Iran says missile program ‘non-negotiable,’ denies report it’s open to talks

Tehran says disputed arsenal for defense purposes, does not violate understandings under nuclear accord

Illustrative: An Iranian Hormoz ballistic missile.
Illustrative: An Iranian Hormoz ballistic missile. (Screenshot/YouTube)

Iran said Friday that its ballistic missile program was “not negotiable,” denying a report that suggested it was open to talks on its controversial arsenal, which has earned sharp rebukes from the US and accusations that it violates the spirit of the 2015 nuclear deal.

“Iran has in all bilateral diplomatic meetings … emphasized that its defensive missile program is not negotiable,” and does not violate a Security Council resolution endorsing the nuclear accord, the Iranian Mehr news agency quoted Foreign Ministry spokesman Bahram Qasemi as saying.

Qasemi was responding to a Reuters report earlier Friday that said Tehran indicated to the P5+1 world powers, with whom it signed the nuke accord, that its disputed ballistic program may be open to discussion. This may have been an ostensible bid to reduce escalating tensions amid reports US President Donald Trump will not recertify the deal in the upcoming October 15 deadline by which he is to report to Congress on whether Iran is complying with the agreement.

The Iranian overtures reportedly took place last month during meetings between Tehran and the six world powers on the sidelines of the United Nations General Assembly.

Trump has repeatedly blasted the 2015 nuclear agreement, under which Iran curbed its nuclear program in exchange for having punishing sanctions lifted, calling it an “embarrassment and “the worst deal ever negotiated.”

The Reuters report quoted Iranian and Western officials familiar with the issues, with one former US Defense Department official saying Tehran had tested the waters in recent weeks as rumors Trump would decertify the deal ratcheted up.
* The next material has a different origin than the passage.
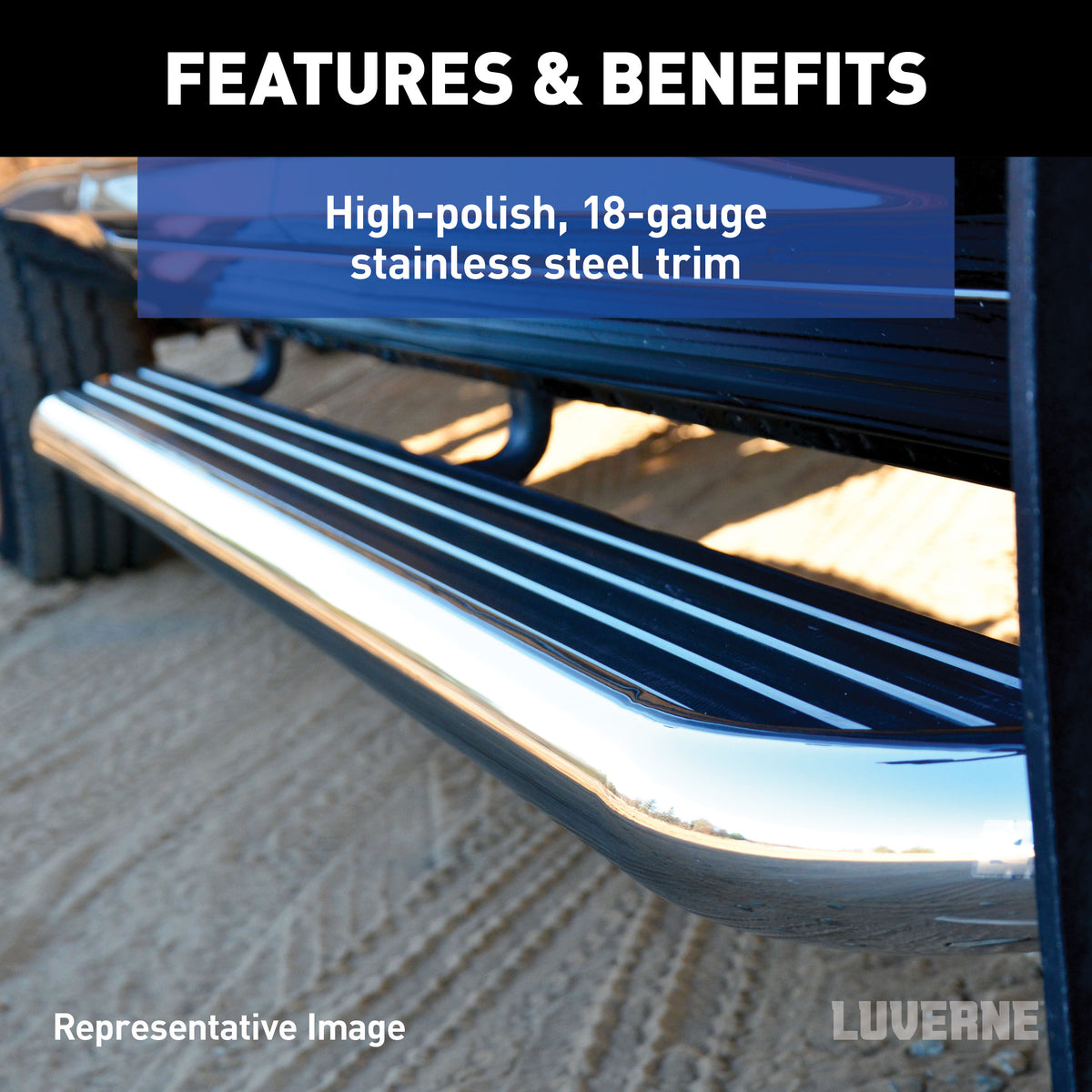 LUVERNE 575100-570747 MegaStep 100, 36-Inch Premium Non-Skid Aluminum Running Boards, Select Dodge, Freightliner, Mercedes-Benz Sprinter 2500, 3500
“Iran has put feelers out saying it is willing to discuss its ballistic missile program and is using contacts … officials who were ‘holdovers’ from the Obama administration,” the former official told Reuters.
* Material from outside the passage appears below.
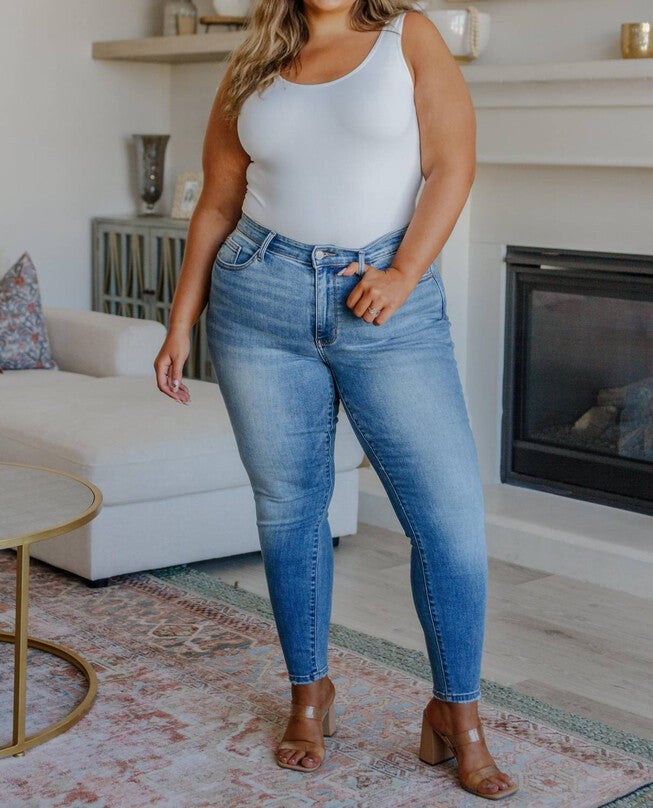 MID RISE VINTAGE SKINNY JEANS, Light Wash / Light Wash, alternate image number null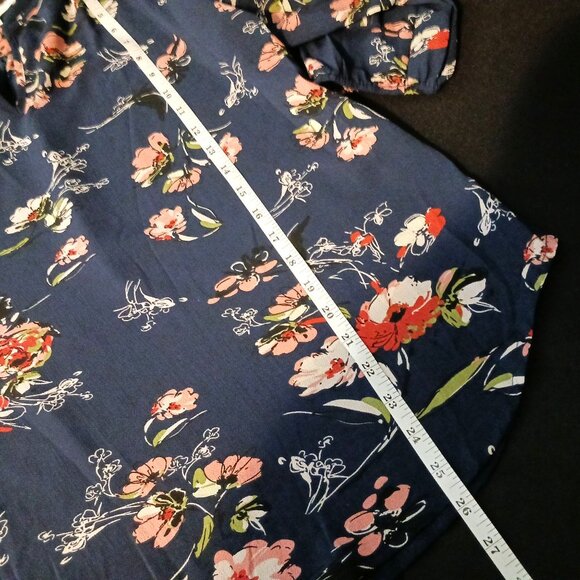 NEW Fun2fun Puff Sleeve Navy‎ Multi Floral Tunic Blouse with Pleated Design, S - Picture 8 of 8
One Iranian source, who requested anonymity, told Reuters: “During their meeting on the sidelines of the UN General Assembly last month, Iran told members of the [world powers] that it could discuss the missile program to remove concerns.”

The source said that when Iranian Foreign Minister Mohammad Javad Zarif met with his counterparts from the P5+1 last month, including US Secretary of State Rex Tillerson for the first time, “The Americans expressed their worries about Iran’s missile capability and Zarif said in reply that the program could be discussed.”
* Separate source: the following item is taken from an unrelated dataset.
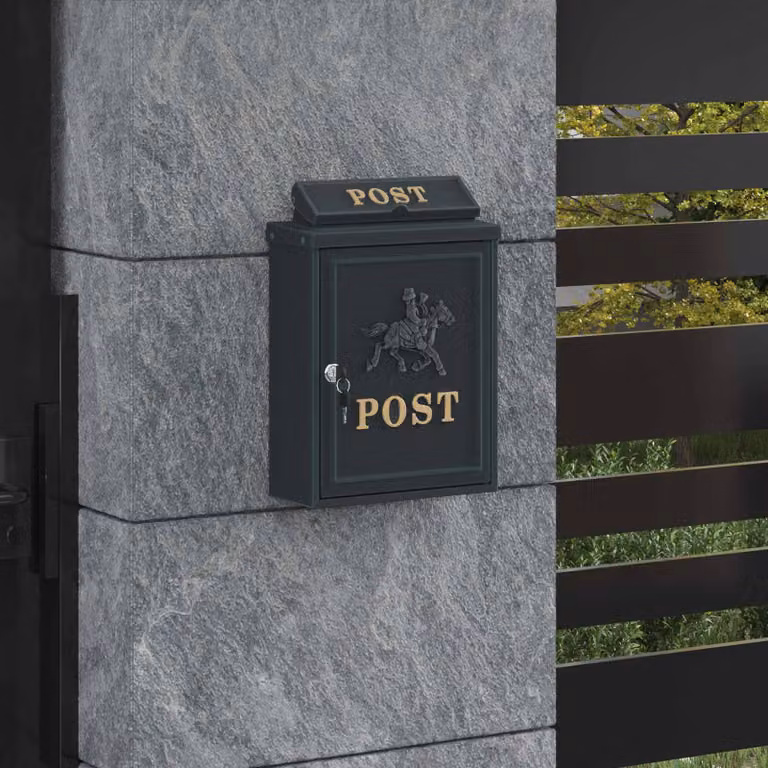Cassetta Postale da Muro con Porta vidaXL Verde L 29 cm x P 13 cm x H 41 cm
The US State Department told Reuters that the US remained committed to “countering the full range of threats the Iranian regime poses to the US, our allies, and regional stability, including its ballistic missile development.”

The US imposed fresh sanctions on Iran following recent ballistic missile tests, arguing that such experiments breach the “spirit” of the nuclear accord.

Trump has said repeatedly that he doesn’t want to certify Iranian compliance again after having done so twice already, declaring last month he even had made his mind up about what he’ll do next.

“Decertification” could lead Congress to reintroduce economic sanctions on Iran that were suspended under the deal. If that happens, Iran has threatened to walk away from the arrangement and restart activities that could take it closer to nuclear weapons.